▶ [Action item]: At the line with "cumpără Pătuț Veres", start copying; carry on through the last line of the material below, exactly as written, and stop there.

▶ [Raw data]:
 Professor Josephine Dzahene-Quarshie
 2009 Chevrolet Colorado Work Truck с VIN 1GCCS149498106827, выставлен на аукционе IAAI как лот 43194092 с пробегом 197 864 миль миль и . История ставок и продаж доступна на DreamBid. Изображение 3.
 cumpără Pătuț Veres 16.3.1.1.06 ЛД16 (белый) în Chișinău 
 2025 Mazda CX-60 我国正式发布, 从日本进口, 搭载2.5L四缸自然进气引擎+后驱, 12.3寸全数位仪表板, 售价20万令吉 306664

▶ [Expected answer]:
 cumpără Pătuț Veres 16.3.1.1.06 ЛД16 (белый) în Chișinău 
 2025 Mazda CX-60 我国正式发布, 从日本进口, 搭载2.5L四缸自然进气引擎+后驱, 12.3寸全数位仪表板, 售价20万令吉 306664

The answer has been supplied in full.